Illiceità degli atti dispositivi
Il limite è dato dalla possibile illiceità, in concreto, dell’atto dispositivo: ecco quindi che il debitore che leda consapevolmente gli interessi di propri attuali creditori rischierà di vedere dichiarati inefficaci i relativi negozi traslativi (in particolare attraverso un’azione revocatoria ordinaria, art. 2901 c.c.); potrà anche essere sanzionato penalmente chi, ad esempio, assuma un’obbligazione con lo specifico proposito di non adempierla (insolvenza fraudolenta, art. 641 c.p.) o chi compia atti simulati o fraudolenti sui propri beni per sottrarsi all’adempimento degli obblighi nascenti da un provvedimento dell’autorità giudiziaria, o dei quali è in corso l’accertamento dinanzi all’autorità giudiziaria medesima (mancata esecuzione dolosa di un provvedimento del giudice, art. 388 c.p.).
Essere nullatenenti: legittimità legale, deroghe e limitazioni al principio di responsabilità patrimoniale
Non solo nulla impedisce di per sé di rendersi “nullatenenti”, ma la legge prevede addirittura la possibilità di “proteggere” taluni beni, mantenendone a certe condizioni la disponibilità o la facoltà di utilizzo.
Si tratta delle deroghe espressamente previste dall’art. 2740 c.c. quali limitazioni al principio generale di responsabilità patrimoniale, in cui rientrano, ad esempio, i vincoli di destinazione e i patrimoni separati, come tali non aggredibili – ovvero aggredibili solo a determinate condizioni – da parte dei creditori personali.
Istituti di protezione legale
Vengono, in particolare, in rilievo istituti quali il fondo patrimoniale (che consente di destinare beni immobili o mobili registrati o titoli di credito a far fronte ai bisogni della famiglia, con conseguente inespropriabilità di tali beni per debiti che il creditore sa essere estranei ai bisogni della stessa: art. 170 c.c.), il vincolo di destinazione previsto dall’art. 2645-ter c.c. e, in ambito societario, i patrimoni destinati a uno specifico affare (art. 2447-bis ss. c.c.), oltre ai fondi speciali di previdenza e assistenza costituibili ai sensi dell’art. 2117 c.c. (inattaccabili sia da parte dei creditori dell’imprenditore che da quelli del prestatore di lavoro).

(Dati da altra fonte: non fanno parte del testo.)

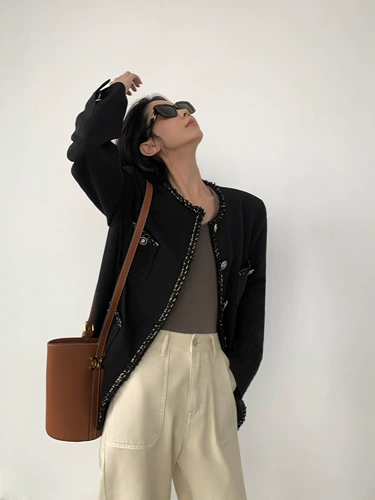 Короткий эластичный лонгслив, базовая приятная телу футболка, V-образный вырез, облегающий крой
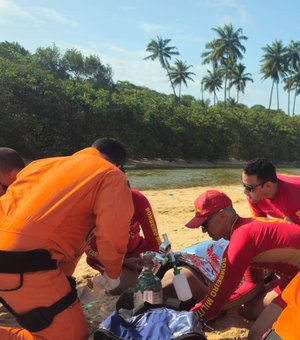 Homem é socorrido inconsciente após se afogar na Praia de Jacarecica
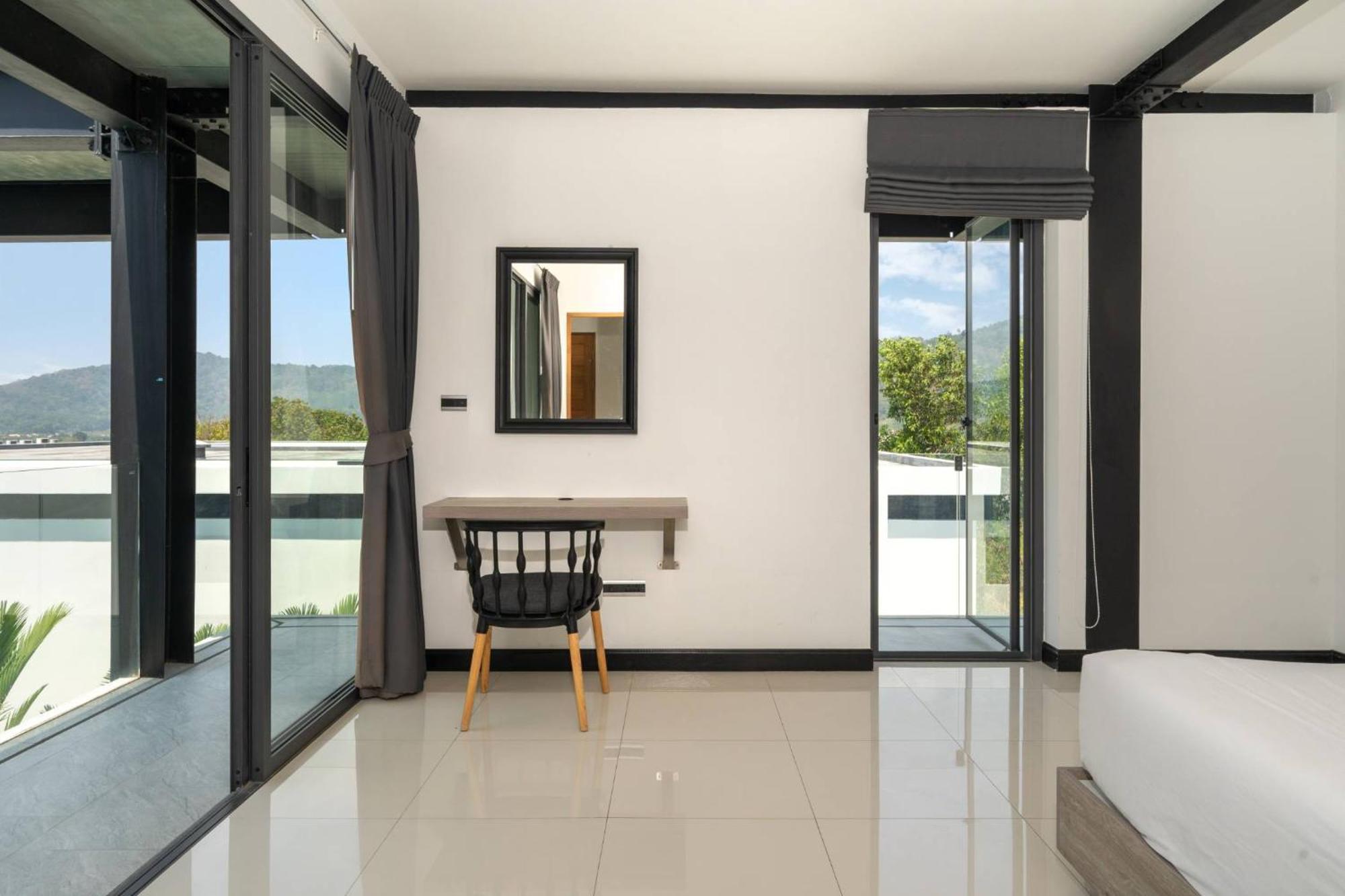 New & Modern, Loft Style 4br Sunset Garden 3, 12m Salt Pool, Just 10min Drive Naiharn *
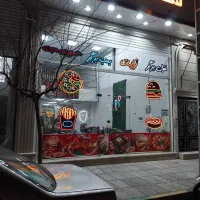 کار در فست فود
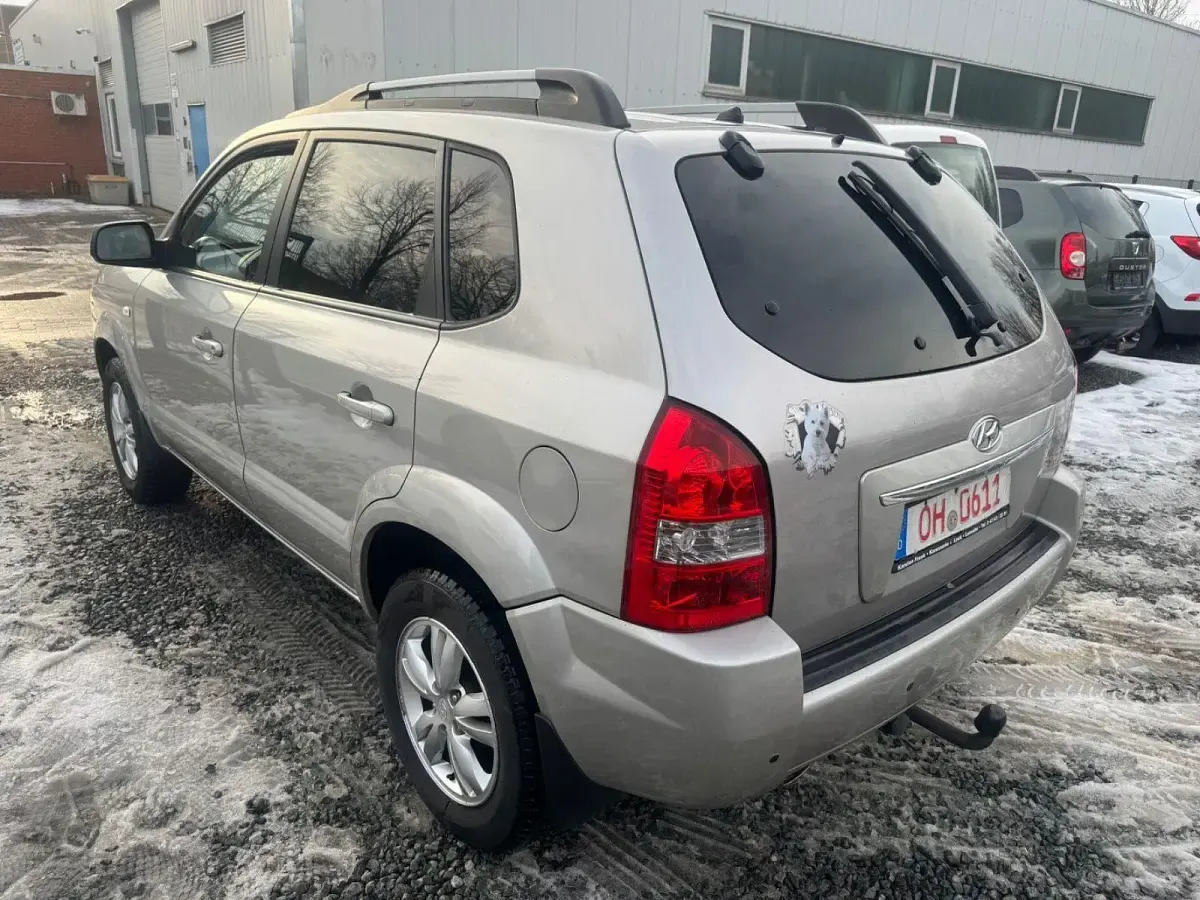 Gebraucht Hyundai Tucson GLS 175 PS (128 kW) 2008 Silber SUV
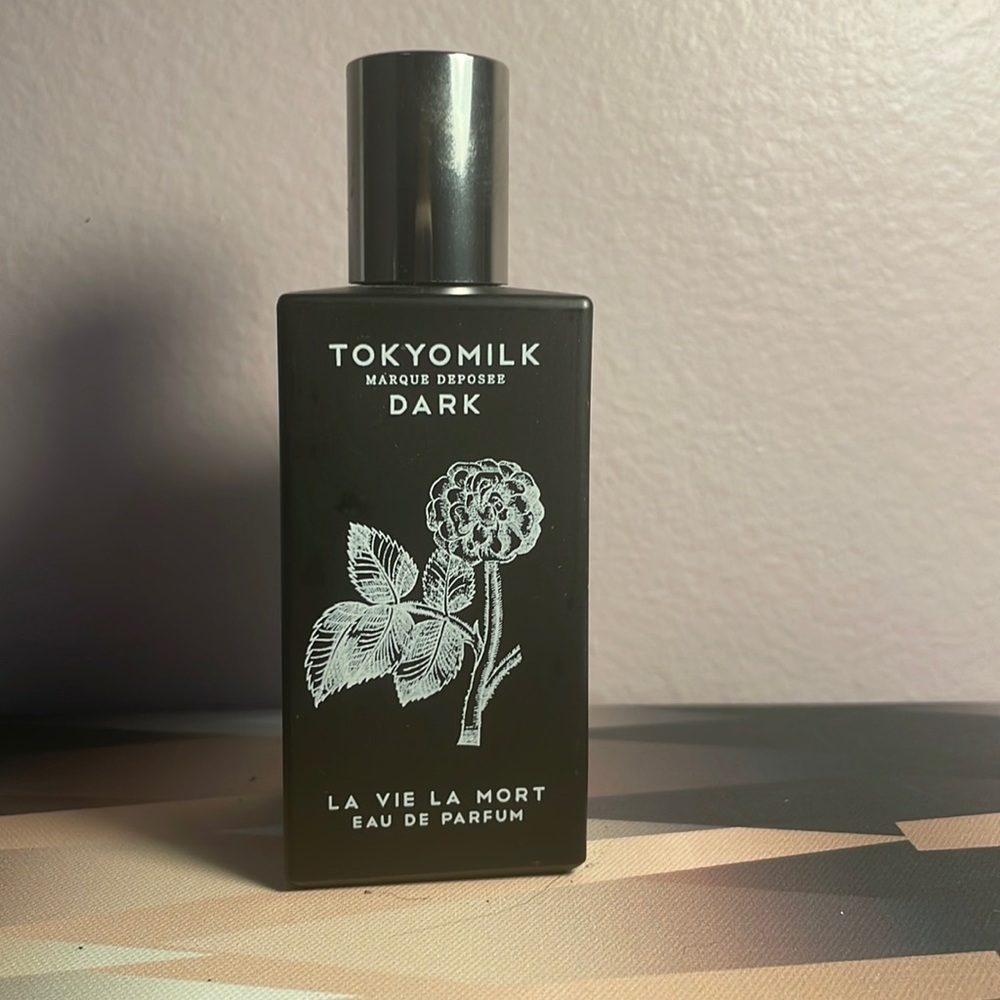 TokyoMilk/ Dark  La Vie La Mort perfume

Strumenti di segregazione patrimoniale: il trust
Tra gli strumenti di segregazione patrimoniale ricordiamo anche il trust, il quale – tuttavia – prevedendo il conferimento di beni in un fondo separato autonomamente amministrato da un terzo (per quanto in conformità alle volontà del disponente, recepite nell’atto istitutivo), non si pone nell’ambito delle “eccezioni” di cui all’art. 2740 c.c., ricavando invece la propria legittimità in forza della ratifica, da parte dell’Italia, della Convenzione dell’Aja del 1985 (che consente al cittadino italiano di istituire liberamente trust “interni” pur in assenza di una specifica legge regolatrice di diritto italiano).
Utilizzo dei veicoli societari e il “caso Fedez”
Invece, l’utilizzo di veicoli societari al fine della detenzione di beni, come sembra essere avvenuto nel “caso Fedez”, non pone in realtà alcun tema di “nullatenenza”, semplicemente perché si traduce nella sostituzione di un asset (ad esempio, un immobile o un’imbarcazione) con un altro, rappresentato dalle partecipazioni della società che quell’asset detiene.
Il che, sul piano civilistico, è in linea di massima perfettamente legittimo: i beni sono di proprietà dell’ente e la persona fisica detentrice delle partecipazioni ne diventa, per così dire, proprietaria di “secondo grado” (diverso è il fronte fiscale, sul quale potrebbero porsi dei temi potenzialmente critici in relazione all’utilizzo personale di beni di proprietà di una società commerciale).
Quando ha dichiarato di non essere proprietario di alcun bene, Fedez ha quindi reso una dichiarazione – oltre che imprudente – anche errata (sul presupposto che egli sia effettivamente titolare di partecipazioni societarie).